It is as approachable as melodrama,
and can offer you violence
if it is violence you like. Look,
there’s a man on a sidewalk;
the way his leg is quivering
he’ll never be the same again.
This is your poem
and I know you’re busy at the office
or the kids are into your last nerve.
Maybe it’s sex you’ve always wanted.
Well, they lie together
like the party’s unbuttoned coats,
slumped on the bed
waiting for drunken arms to move them.
I don’t think you want me to go on;
everyone has his expectations, but this
is a poem for the entire family.
Right now, Budweiser
is dripping from a waterfall,
deodorants are hissing into armpits
of people you resemble,
and the two lovers are dressing now,
saying farewell.
I don’t know what music this poem
can come up with, but clearly
it’s needed. For it’s apparent
they will never see each other again
and we need music for this
because there was never music when he or she
left you standing on the corner.
You see, I want this poem to be nicer
than life. I want you to look at it
when anxiety zigzags your stomach
and the last tranquilizer is gone
and you need someone to tell you
I’ll be here when you want me
like the sound inside a shell.
The poem is saying that to you now.
But don’t give anything for this poem.
It doesn’t expect much. It will never say more
than listening can explain.
Just keep it in your attache case
or in your house. And if you’re not asleep
by now, or bored beyond sense,
the poem wants you to laugh. Laugh at
yourself, laugh at this poem, at all poetry.
Come on:
Good. Now here’s what poetry can do.
Imagine yourself a caterpillar.
There’s an awful shrug and, suddenly,
You’re beautiful for as long as you live. |
How was that? Pretty awesome, right? Pretty laid back for a poem, right? Almost like a conversation. The thing I like to point out about this poem is how Dunn flies in that stuff that you supposedly don’t like about poetry at the very end, but by the time you get to it you’re primed for it so it goes down smooth…like Budweiser dripping from a waterfall!
2) Poetry doesn’t always read like a poem.
Poets have done some interesting things with poems, and thank God for it. Expecting all poems to look the same is like expecting all of the songs you hear to be 3-minutes long. Think of all the cool songs you’d have missed out on if this were true! Same holds true for poems, like this one:
Quote: |
Reasons You Find a Wheelchair in the Dumpster
by Bill Campana
someone has decided
to start walking again
it wasn’t fast enough
someone is being very cruel |
I know, right? Pretty awesome and quick, like a little switchblade of poetry.
3) Poetry knows what you like.
It’s not all about nature. Hate your job? So do poets! Try this one on for size the next time you’re hung over and don’t want to get out of bed.
Quote: |
Telephone Booth Number 905 ½
by Pedro Pietri
woke up this morning
feeling excellent,
picked up the telephone
dialed the number of
my equal opportunity employer
to inform him I will not
be in to work today.
“Are you feeling sick?”
the boss asked me
“No Sir,” I replied:
“I am feeling too good
to report to work today.
If I feel sick tomorrow
I will come in early!” |
Tell me Pietri doesn’t understand your troubles. There is video of him doing this floating around the web as well. Check it out.

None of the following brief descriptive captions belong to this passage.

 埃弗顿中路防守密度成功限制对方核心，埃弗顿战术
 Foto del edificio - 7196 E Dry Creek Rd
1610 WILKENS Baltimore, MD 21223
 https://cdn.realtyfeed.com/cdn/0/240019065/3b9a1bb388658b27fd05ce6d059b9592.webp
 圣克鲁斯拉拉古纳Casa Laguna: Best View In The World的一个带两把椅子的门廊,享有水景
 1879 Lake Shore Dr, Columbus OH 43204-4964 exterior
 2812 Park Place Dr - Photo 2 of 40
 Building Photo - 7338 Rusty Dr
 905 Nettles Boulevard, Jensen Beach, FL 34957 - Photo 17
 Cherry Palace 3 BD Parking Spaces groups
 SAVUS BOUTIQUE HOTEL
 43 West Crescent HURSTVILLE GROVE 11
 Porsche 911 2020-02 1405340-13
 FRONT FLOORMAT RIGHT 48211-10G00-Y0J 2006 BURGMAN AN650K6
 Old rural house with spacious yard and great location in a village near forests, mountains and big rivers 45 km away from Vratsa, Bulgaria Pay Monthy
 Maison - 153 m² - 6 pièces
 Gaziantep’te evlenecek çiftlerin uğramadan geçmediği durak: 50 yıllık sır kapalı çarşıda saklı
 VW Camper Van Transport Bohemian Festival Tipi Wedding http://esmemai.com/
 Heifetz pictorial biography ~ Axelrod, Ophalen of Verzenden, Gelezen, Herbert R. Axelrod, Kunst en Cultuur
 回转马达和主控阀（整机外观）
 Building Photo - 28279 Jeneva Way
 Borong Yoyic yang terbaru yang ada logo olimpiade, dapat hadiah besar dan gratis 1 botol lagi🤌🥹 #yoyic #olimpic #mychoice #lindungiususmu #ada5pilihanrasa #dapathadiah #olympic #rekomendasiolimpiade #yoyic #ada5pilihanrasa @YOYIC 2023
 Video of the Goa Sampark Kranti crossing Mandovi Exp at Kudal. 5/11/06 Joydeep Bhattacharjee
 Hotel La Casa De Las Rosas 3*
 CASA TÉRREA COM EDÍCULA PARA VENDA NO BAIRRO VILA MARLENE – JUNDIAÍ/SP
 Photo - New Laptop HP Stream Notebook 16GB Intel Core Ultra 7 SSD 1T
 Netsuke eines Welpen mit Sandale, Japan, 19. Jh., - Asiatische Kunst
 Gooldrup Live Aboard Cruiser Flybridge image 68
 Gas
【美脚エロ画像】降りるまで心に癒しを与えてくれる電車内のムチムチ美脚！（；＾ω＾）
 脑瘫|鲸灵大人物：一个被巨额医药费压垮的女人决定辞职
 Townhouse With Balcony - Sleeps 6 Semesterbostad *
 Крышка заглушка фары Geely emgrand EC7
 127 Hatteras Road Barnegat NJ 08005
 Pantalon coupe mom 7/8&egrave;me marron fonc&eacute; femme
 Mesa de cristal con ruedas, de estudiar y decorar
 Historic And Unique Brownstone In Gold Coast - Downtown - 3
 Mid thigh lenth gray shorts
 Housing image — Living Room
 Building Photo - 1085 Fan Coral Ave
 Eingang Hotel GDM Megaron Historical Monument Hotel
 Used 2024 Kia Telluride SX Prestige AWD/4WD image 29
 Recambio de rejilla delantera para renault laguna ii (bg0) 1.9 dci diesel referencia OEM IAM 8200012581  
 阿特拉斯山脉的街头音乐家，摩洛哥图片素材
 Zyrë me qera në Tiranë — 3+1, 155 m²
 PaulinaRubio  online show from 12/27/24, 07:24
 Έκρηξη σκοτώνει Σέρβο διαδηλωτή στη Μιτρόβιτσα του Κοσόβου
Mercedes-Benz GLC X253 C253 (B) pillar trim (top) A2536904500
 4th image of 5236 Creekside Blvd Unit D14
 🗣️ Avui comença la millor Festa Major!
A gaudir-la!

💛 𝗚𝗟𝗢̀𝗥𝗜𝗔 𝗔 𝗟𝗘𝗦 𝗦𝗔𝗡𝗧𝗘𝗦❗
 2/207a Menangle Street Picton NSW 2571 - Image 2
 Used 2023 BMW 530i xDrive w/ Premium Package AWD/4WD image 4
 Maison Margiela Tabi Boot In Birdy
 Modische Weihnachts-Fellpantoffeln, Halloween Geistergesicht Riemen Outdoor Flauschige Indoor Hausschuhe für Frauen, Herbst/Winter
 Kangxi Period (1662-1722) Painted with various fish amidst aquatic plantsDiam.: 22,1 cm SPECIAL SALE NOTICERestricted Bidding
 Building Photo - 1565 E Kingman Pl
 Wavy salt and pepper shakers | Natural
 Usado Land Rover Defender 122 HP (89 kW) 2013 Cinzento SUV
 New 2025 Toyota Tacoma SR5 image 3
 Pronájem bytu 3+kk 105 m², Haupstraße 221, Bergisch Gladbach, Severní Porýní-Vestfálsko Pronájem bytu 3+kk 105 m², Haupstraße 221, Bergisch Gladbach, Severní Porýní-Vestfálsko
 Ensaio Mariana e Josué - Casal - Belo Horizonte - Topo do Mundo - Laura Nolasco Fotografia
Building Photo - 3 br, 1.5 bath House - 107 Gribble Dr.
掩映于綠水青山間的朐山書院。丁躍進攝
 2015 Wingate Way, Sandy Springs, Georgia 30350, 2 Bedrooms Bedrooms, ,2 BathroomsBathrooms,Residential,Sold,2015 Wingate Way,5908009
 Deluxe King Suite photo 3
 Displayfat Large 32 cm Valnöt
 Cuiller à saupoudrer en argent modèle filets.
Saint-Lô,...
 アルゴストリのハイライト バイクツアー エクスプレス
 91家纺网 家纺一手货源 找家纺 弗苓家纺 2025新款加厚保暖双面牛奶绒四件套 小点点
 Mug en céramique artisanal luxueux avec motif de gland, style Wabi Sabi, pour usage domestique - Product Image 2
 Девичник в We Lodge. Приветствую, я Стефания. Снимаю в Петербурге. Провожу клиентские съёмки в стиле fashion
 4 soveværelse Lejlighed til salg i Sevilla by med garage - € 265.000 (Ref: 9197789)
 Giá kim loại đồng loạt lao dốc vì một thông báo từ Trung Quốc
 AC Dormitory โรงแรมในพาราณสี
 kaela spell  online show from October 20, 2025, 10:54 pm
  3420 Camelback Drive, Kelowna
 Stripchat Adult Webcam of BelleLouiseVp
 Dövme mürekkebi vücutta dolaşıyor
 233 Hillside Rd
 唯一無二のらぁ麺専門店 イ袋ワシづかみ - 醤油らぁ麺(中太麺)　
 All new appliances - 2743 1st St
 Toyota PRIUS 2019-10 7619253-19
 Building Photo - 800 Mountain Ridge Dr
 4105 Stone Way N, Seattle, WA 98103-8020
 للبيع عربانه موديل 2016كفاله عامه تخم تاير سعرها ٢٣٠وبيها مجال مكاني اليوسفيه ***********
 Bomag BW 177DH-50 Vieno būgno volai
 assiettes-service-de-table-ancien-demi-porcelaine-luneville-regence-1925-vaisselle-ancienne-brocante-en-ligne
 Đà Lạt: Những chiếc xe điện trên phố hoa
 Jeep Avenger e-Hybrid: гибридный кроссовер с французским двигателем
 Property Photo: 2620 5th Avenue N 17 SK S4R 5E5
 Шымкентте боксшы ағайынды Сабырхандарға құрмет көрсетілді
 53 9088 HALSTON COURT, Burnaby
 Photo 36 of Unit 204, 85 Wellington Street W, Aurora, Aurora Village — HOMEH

4) Poetry isn’t setting out to bore you.
I know a lot of poetry seems like it’s going out of its way to be boring (as opposed to inaccessible, which may be true of some poetry, but that’s a different point for a different column). There are lots of reasons why you might think a poem is boring, but most of time it’s not actually boring…you just need to know a little more about what it’s trying to accomplish. Some poems are like mysteries or puzzles, but those aren’t the ones I’m talking about. I’m talking about the poetic equivalent of, say, Donnie Darko: oh, but if only the director had left in some of the special features footage I would have GOT IT. So here is one that is an awesome poem that, at first glance, might come off a little “off”, maybe even schizophrenic, until you know…well, I’ll just let you read it and then we’ll talk in a minute.
Quote: |
“After Experience Taught Me …”
by W. D. Snodgrass
After experience taught me that all the ordinary
Surroundings of social life are futile and vain;
I’m going to show you something very
Ugly: someday, it might save your life.
Seeing that none of the things I feared contain
In themselves anything either good or bad
What if you get caught without a knife;
Nothing—even a loop of piano wire;
Excepting only in the effect they had
Upon my mind, I resolved to inquire
Take the first two fingers of this hand;
Fork them out—kind of a “V for Victory”—
Whether there might be something whose discovery
Would grant me supreme, unending happiness.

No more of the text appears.